Frontex, the European Border and Coast Guard Agency, said there are 5,000 fewer border officials than the amount declared by EU member states. Frontex Director Fabrice Leggeri told German newspaper Welt am Sonntag: “We have noticed that the EU states have reported 115,000 border officials on paper altogether. That’s not true. That surprised me a lot.” The significant gap in the workforce available to Frontex came to light during an internal stress test.
Mr Leggeri said the agency is currently discussing with member states why there are thousands of officers missing – but didn’t disclose which countries were guilty of not providing enough personnel.
The border agency was set up in 2005 but has taken on an increasing number of tasks since its formation – including missions outside the bloc.
The agency is set for a 34 percent budget increase next year, according to a draft budget proposal published by the European Commission last week.
This means Frontex, which is headquartered in Warsaw, Poland, may be receive £375.36m (€420.6m) in 2020, a sum which will help the agency set up a standing corps of 10,000 border guards by 2027.
Frontex recently launched its first mission outside the EU.
Mr Leggeri announced in May Frontex guards will be patrolling “shoulder to shoulder” with Albanian police to halt illegal immigrants heading to western Europe across the Balkans.
The Frontex chief had already warned migrants are seeking new pathways to reach Europe following the 2015 migrant crisis, which saw millions of people entering the EU from its eastern borders.
Last year, Spain was Mr Leggeri’s “biggest worry”, with thousands of migrants crossing northern Africa to reach Spain via Morocco.
This year, most migrants seem to be getting to Turkey via the land and sea border to later cross eastern Europe from there.

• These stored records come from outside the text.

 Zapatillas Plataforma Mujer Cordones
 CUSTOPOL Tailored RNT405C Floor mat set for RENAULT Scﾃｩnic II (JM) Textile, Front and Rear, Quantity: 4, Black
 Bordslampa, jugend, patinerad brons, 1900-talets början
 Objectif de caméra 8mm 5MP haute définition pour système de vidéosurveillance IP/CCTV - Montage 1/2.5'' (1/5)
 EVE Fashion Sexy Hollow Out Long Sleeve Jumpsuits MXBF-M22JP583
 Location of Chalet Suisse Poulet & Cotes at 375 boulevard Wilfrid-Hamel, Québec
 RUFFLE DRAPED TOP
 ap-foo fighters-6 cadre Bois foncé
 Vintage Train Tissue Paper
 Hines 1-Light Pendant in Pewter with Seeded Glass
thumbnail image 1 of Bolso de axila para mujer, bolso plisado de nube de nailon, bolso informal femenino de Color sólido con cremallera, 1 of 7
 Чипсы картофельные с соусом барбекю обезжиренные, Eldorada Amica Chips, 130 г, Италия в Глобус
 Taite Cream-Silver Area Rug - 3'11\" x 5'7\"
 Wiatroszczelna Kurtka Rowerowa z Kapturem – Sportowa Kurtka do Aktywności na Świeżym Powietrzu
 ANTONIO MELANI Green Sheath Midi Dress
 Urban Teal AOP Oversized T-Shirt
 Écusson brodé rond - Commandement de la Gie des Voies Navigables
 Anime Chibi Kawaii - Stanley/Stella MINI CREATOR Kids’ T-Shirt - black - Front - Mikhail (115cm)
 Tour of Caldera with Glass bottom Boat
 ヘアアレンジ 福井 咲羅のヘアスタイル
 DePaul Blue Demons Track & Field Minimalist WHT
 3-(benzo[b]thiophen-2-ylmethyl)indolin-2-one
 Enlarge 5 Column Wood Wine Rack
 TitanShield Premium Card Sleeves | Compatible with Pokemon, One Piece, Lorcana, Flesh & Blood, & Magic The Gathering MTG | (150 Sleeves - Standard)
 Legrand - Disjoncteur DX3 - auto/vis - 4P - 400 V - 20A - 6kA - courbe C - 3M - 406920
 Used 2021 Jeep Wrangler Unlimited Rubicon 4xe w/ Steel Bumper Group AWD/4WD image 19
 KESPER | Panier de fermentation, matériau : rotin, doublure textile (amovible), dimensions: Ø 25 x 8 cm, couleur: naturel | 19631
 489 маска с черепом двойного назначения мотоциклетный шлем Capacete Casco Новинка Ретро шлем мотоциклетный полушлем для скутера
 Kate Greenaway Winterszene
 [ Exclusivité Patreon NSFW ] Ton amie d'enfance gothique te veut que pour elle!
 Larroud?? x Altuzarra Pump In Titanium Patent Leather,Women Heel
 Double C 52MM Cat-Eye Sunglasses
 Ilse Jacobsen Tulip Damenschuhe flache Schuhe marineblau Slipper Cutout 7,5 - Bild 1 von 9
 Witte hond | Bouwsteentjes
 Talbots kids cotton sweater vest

According to the United Nation’s refugee organisation (UNHCR), Syrians escaping the devastation in their country make up around 10 percent of those arriving.
And as many as 15 percent of the refugees come from Afghanistan.
The number of recorded illegal crossings at the EU’s external border has declined significantly since the height of the refugee crisis, but the situation remains critical.
In the first four months of the year, Frontex counted 24,000 illegal entries.
That was 27 percent less than in the same period of the previous year.
In the future, Frontex will also be responsible for the introduction of a European Esta system, which will track the entry and exit of non-EU citizens.
And it will also assist member states in the deportation of rejected asylum seekers.